Step through the doors of Huddersfield’s only studio school and you’d be forgiven for thinking you’d walked into a chic London design agency.
You won’t find the conventional trappings of learning at The Creative & Media Studio School
No school desks, blackboards or whiteboards, no text books or felt tipped pens. In fact, there are not even any traditional classrooms .
In their place are huge open plan creative spaces populated by giant screens, state-of-the-art Apple Mac computers, tailors’ dummies, 3-D printers and a portable TV unit of BBC quality, like the ones used to film Downton Abbey and James Bond’s Skyfall.
There are small businesses on the top floor of the £4.5 million building at Rawthorpe’s Netherhall Learning Campus, which opened in November 2013. They work alongside casually dressed teenage students working on real time commercial projects.
This is the cutting edge of 21st century education.
The innovative Rawthorpe school was one of the first two studio schools in 2010 and is regarded by the Government as the flagship. Director Laura Lee has just returned from a Manchester conference where she make a presentation to other principals.
She said: “I think we blew their minds away a bit with some of the commercial projects we have been working on. These have included promotional DVDs for companies, two commissions for a vintage clothing shop, and graphic design and market research for a youth marketing agency based here at the school.”
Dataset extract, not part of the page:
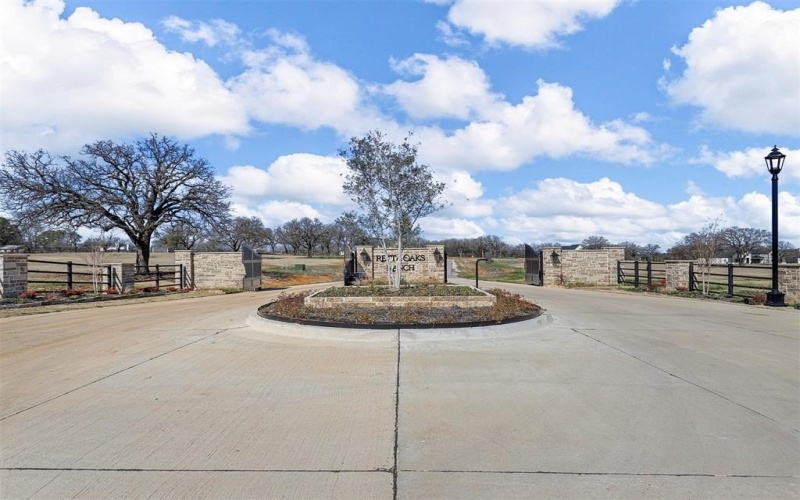 7701 Black Elk Court, Burleson, TX 76028, 4 Bedrooms Bedrooms, ,5 BathroomsBathrooms,Residential,For Sale,7701 Black Elk Court,20817068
Studio Schools are a type of Free School, part of the Academies Programme, which sprang up following employers’ claims that school leavers were unprepared for work.
Their aim is to give students practical skills in workplace environments alongside their other studies. They have links to local employers and offer education specifically related to the world of work.
There is currently just one company based at the Huddersfield Studio School, but a further four are scheduled to arrive by March 2015 and the school is also launching its own creative not-for-profit company next year.
Laura said: “There was a skills gap between qualifications and practical competence, the curriculum was not supporting employers like they wanted - and Studio Schools offered something different.
“Here young people can be creative within a hub containing other creative people. As well as learning, there is an exchange of ideas and techniques.”
When the idea was first mooted by the Government, Netherhall Principal Joan Young saw an opportunity to build on the high school’s strengths in the creative arts. It would give students a chance to follow their creative passions -and hopefully result in a job or university place at the end of it.
Although the Studio School is open to 14 to 19-year-olds, in practice this type of less formal work-related education is more effective for 16-year-olds upwards, post GCSEs.
The school offers a number of Art and Design BTEC courses, in Fashion and Clothing, Fine Art, Graphic Design, Photography, Textiles, Business Studies, Music and Television and Film Production.
After a formal morning registration, Studio School teenagers are guaranteed five “contact hours” a day. In practice they spend much of their time working on individual creative projects, which may involve designing on a Mac or tailor’s dummy.
One of the strengths of the school is the chance students have to work on practical placements or to shadow people in the creative arts. Fashion and photography student Amelia Sobanski, 19, has just returned from a short placement at a fashion photography company in London.
She said: “It was nerve-racking, but amazing, very exciting and very much the scene I want to work in. I was involved in helping with the lighting for an M&S shoot.
“The Studio School has saved my life. Everything is very different here, the general culture is so good; it is like one big family. It is so creative.”
Laura added: “We take students on a journey and when they leave us at 18 or 19, they are unique. They have an impressive portfolio, a set of advanced skills, experience on their CV and they are more confident.
“We give them the edge.”
Studio School staff will be touring local secondary schools to outline the courses available early in the New Year.